> The task
After locating the line that contains "Bosch Prof. Scus Bit Allen Hex2 (3)", give that line and all the rest through the end of the entries again exactly, leaving the pictures out.

> Source information

'''

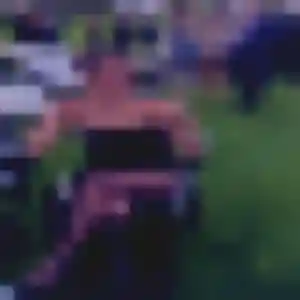 Dana, femme de 36 ans veut plan cul à Lisle-sur-Tarn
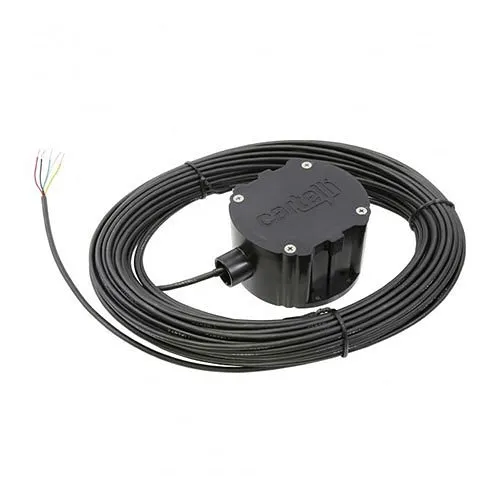 Cartell CP4-100 Automatic Gate Opener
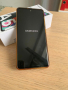 Продавам SAMSUNG - A 51, 128 GB , в отл състояние, работещо , с място за две Сим карти, с зарядно, к, снимка 1 - Samsung - 44988484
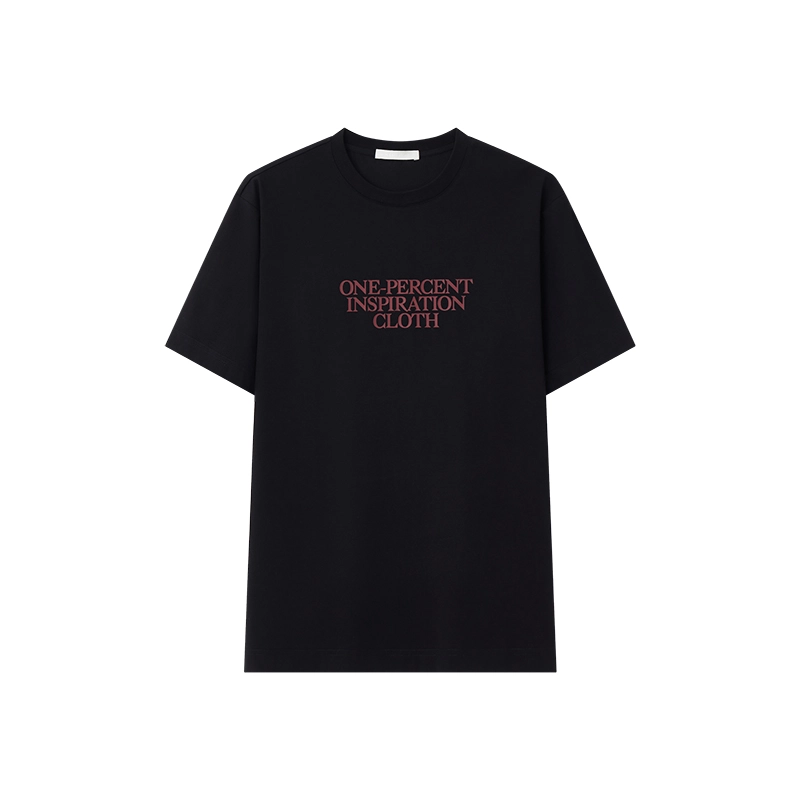 OPICLOTH T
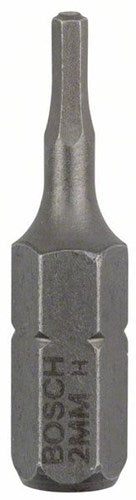 Bosch Prof. Scus Bit Allen Hex2 (3)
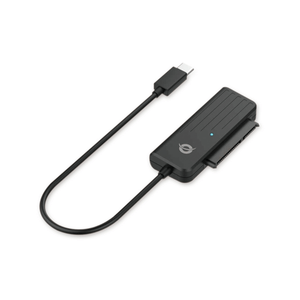 ADAPTADOR-USB-C-A-SATA-CONCEPTRONIC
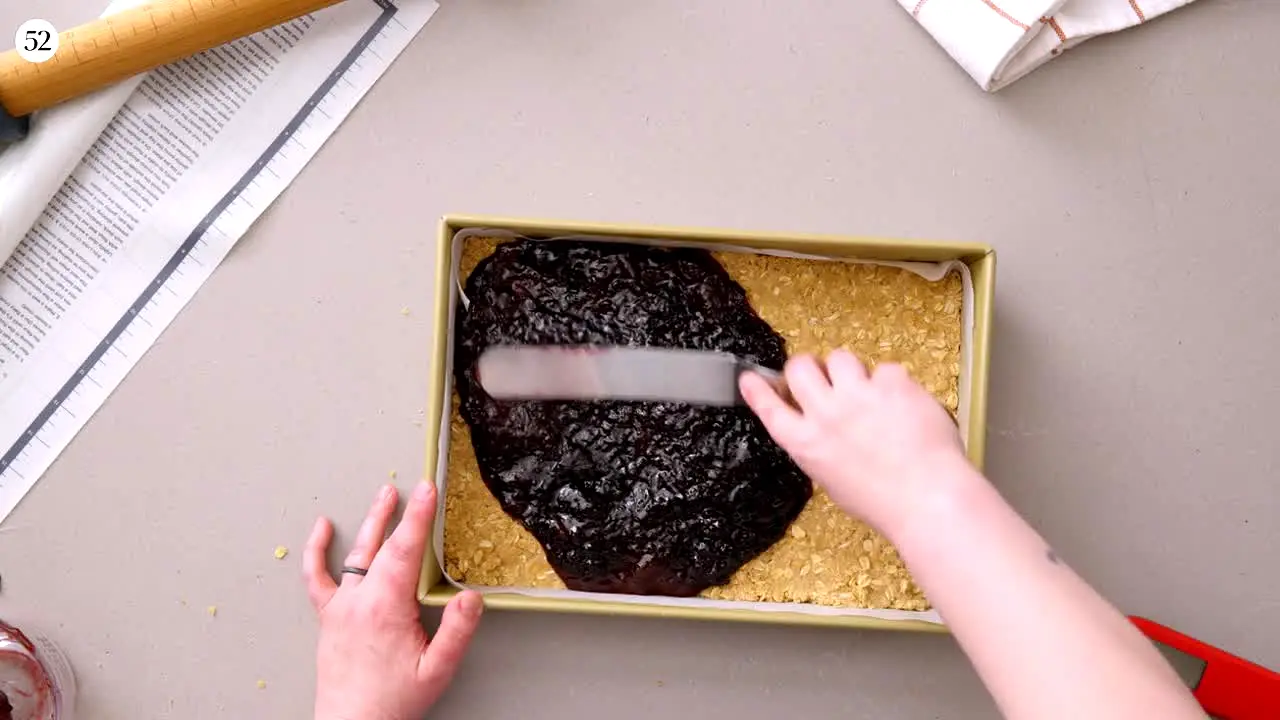 Food52 en direct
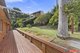 Photo - 58 Mackays Road, Coffs Harbour NSW 2450 - Image 23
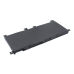 Asus R455LN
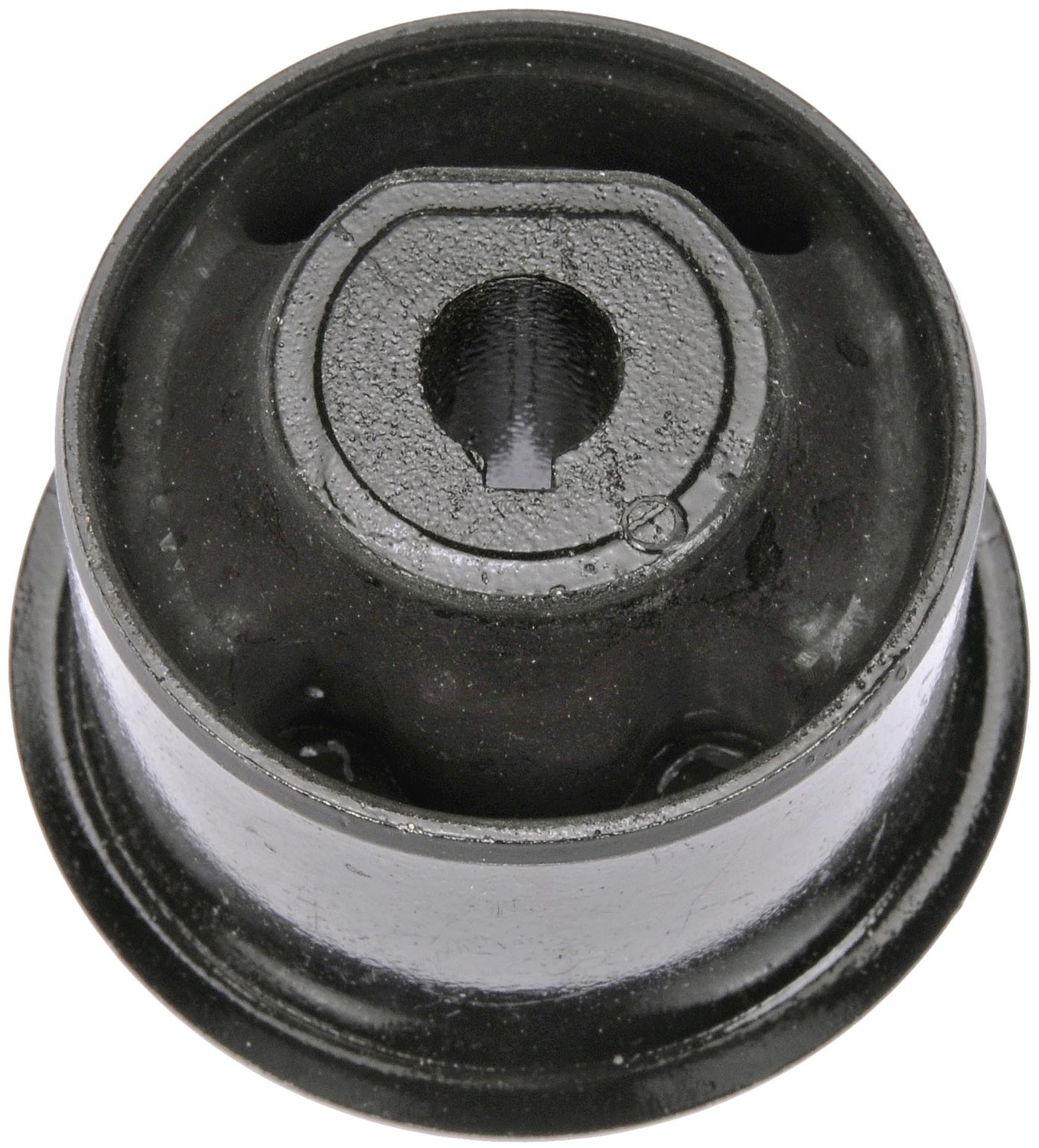 Dorman DOR-905-405 Suspension Differential Mount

'''

> Expected answer
 Bosch Prof. Scus Bit Allen Hex2 (3)
 ADAPTADOR-USB-C-A-SATA-CONCEPTRONIC
 Food52 en direct
 Photo - 58 Mackays Road, Coffs Harbour NSW 2450 - Image 23
 Asus R455LN
 Dorman DOR-905-405 Suspension Differential Mount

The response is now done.